Everyone tells me to. They tell me as if it’s easy, as if it’s something I can go into wholeheartedly.
Where’s the time to date?
Where is the wholeness a person needs to be another’s?
When I finally date, I want to be a whole person —college degree, maturity, and all.
I’m nowhere near graduating.
I’m emotionally and mentally (when it comes to self worth especially) damaged [which was diagnosed by a past therapist]; that’s why I’m always trying to push myself to be a stronger, more positive person.
I’m a mere child when it comes to feelings. I don’t know how they work. I’ve never had true feelings when it comes to this stuff.
It’s just. No. It’s not the time. Everyone thinks dating is easy, that it makes sense, that it’s fun. Okay, I guess it could be, but I don’t want childish games. I don’t want to test the waters; I don’t have enough in me to do that.

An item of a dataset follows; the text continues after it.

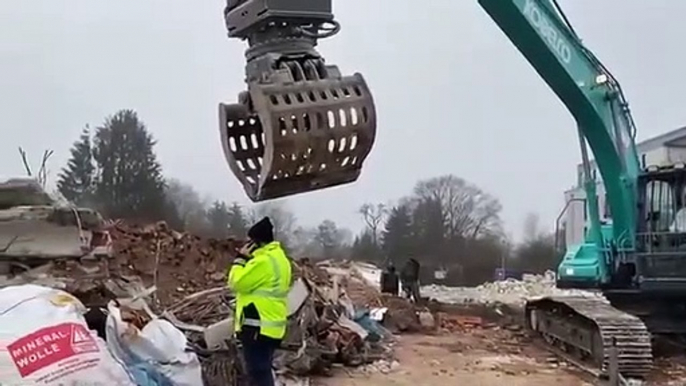 Se faire voler son bonnet par une pelleteuse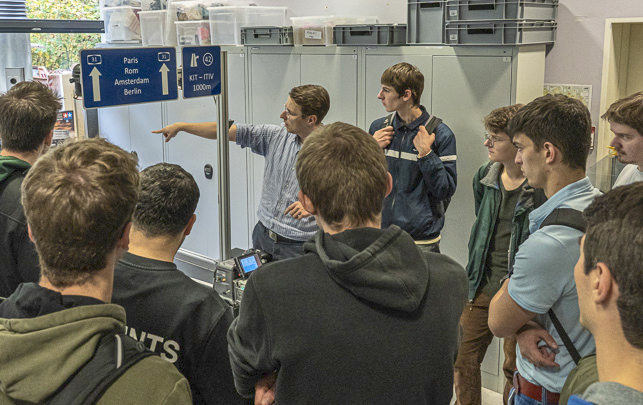 <Text wird generiert, bitte warten...>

When I finally date seriously, I want it to be a whole, non-juvenile relationship. I want the real thing, a real thing that will change my life.
I don’t want to date just to pass time. I don’t want to date just for experience. When I date, I’m going to date because I’m looking for a potential spouse.

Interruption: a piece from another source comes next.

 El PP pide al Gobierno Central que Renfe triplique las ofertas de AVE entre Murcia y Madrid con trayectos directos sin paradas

I do not have enough inside of me to let myself be burned more times than I need to be.
I’m invested in fixing, strengthening myself as a person before anything else. I’m invested in shaping my future because you know what will be there one day even if my love life never makes a turn for the better?
My career. My job. My true passion —whatever it may be years down the line.
Just trust me when I say that I’m not ready to wear my heart on my sleeve, and I bet that the kind of guys I deserve aren’t ready, either.